> [INFORMATION SUPPLIED]:

--------------------------------------------------

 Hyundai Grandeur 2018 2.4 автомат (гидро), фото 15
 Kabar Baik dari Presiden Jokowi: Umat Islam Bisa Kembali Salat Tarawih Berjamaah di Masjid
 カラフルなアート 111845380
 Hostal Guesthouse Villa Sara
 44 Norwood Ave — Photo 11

--------------------------------------------------

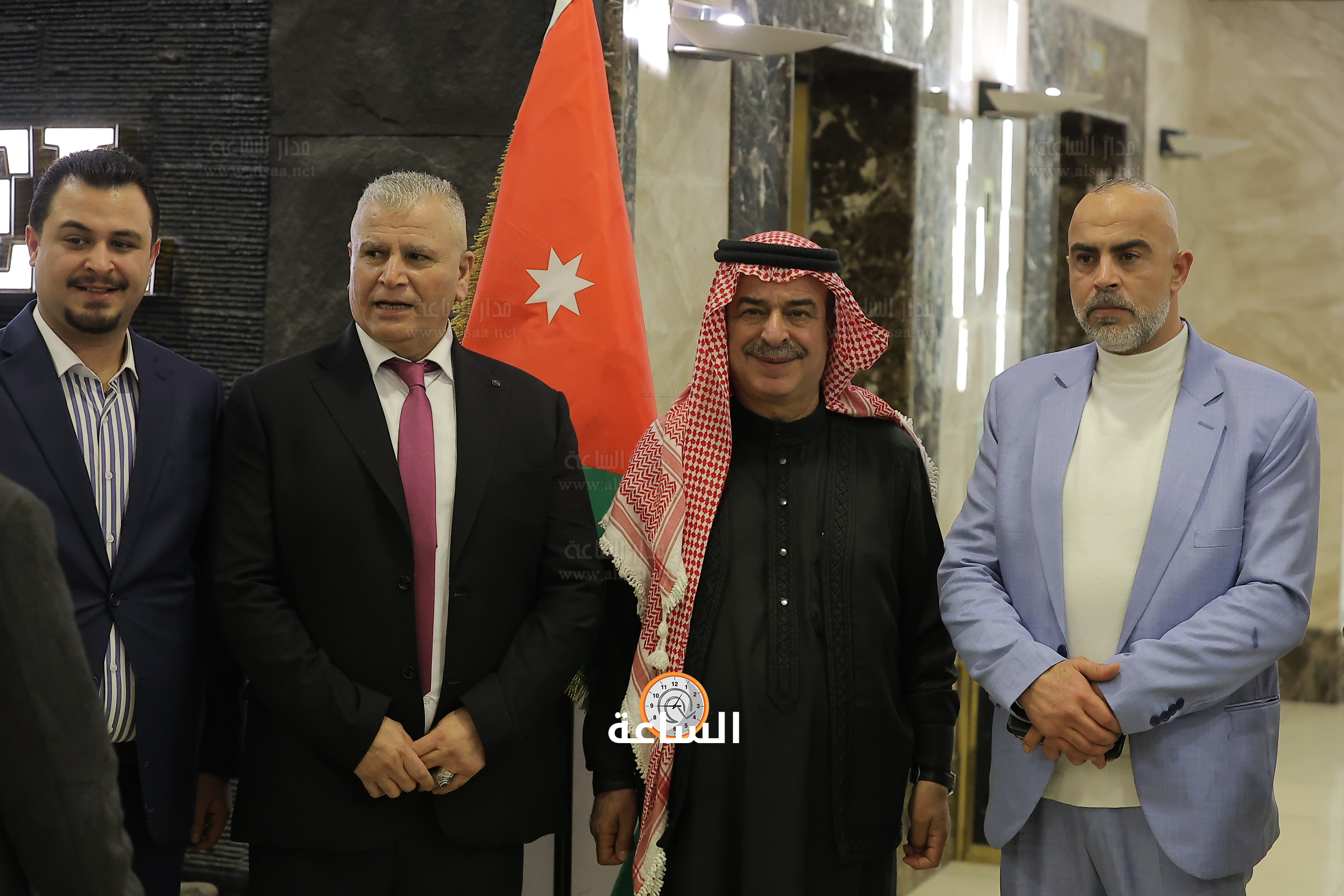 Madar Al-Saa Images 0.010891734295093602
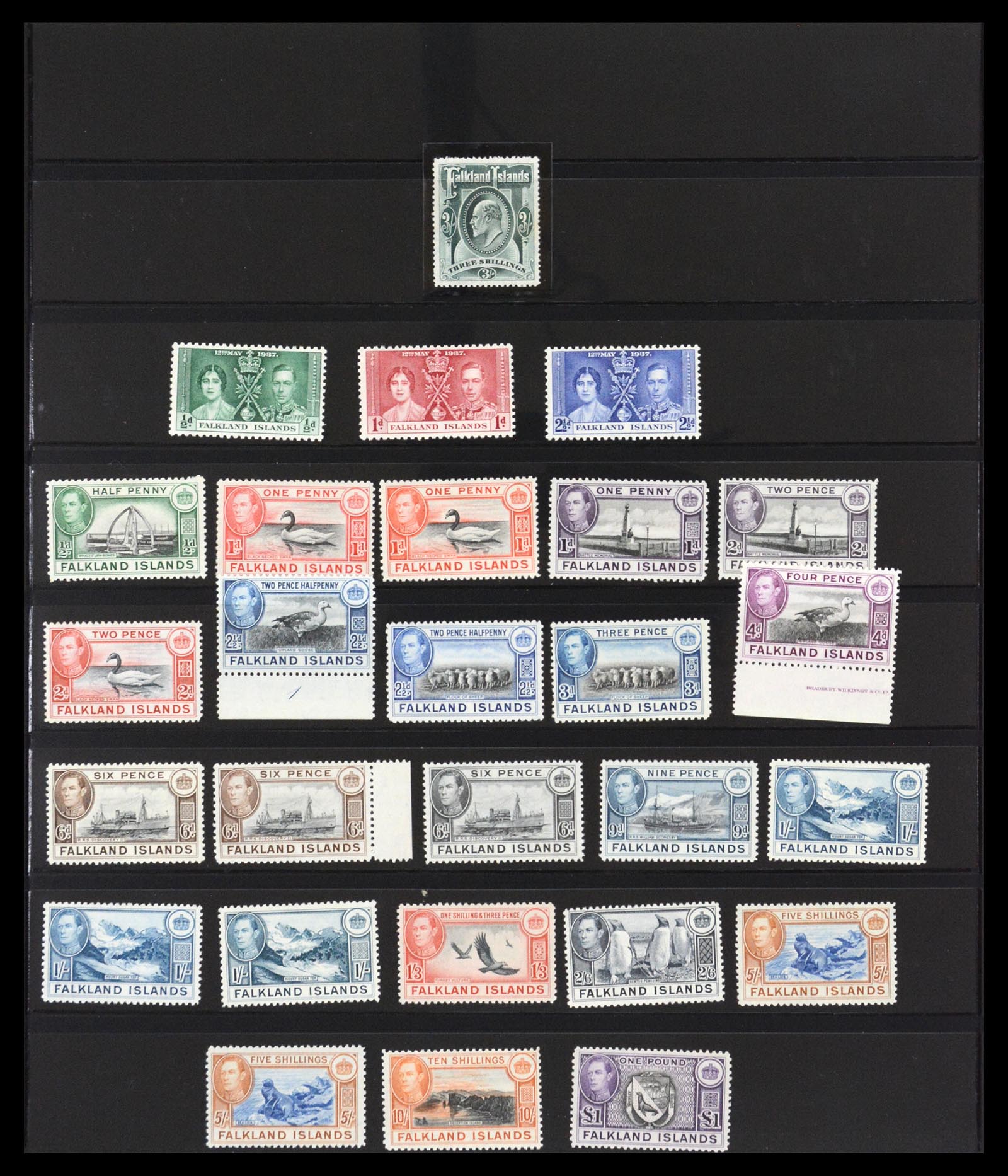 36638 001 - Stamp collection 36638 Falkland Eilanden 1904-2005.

--------------------------------------------------

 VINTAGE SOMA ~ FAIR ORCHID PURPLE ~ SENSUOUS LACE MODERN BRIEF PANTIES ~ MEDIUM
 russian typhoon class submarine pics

--------------------------------------------------

> [YOUR OBJECTIVE]: Return word for word the lines above from the line with "カラフルなアート 111845380" to the line with "44 Norwood Ave — Photo 11", including both and leaving out all others.

> [RESULT]:
 カラフルなアート 111845380
 Hostal Guesthouse Villa Sara
 44 Norwood Ave — Photo 11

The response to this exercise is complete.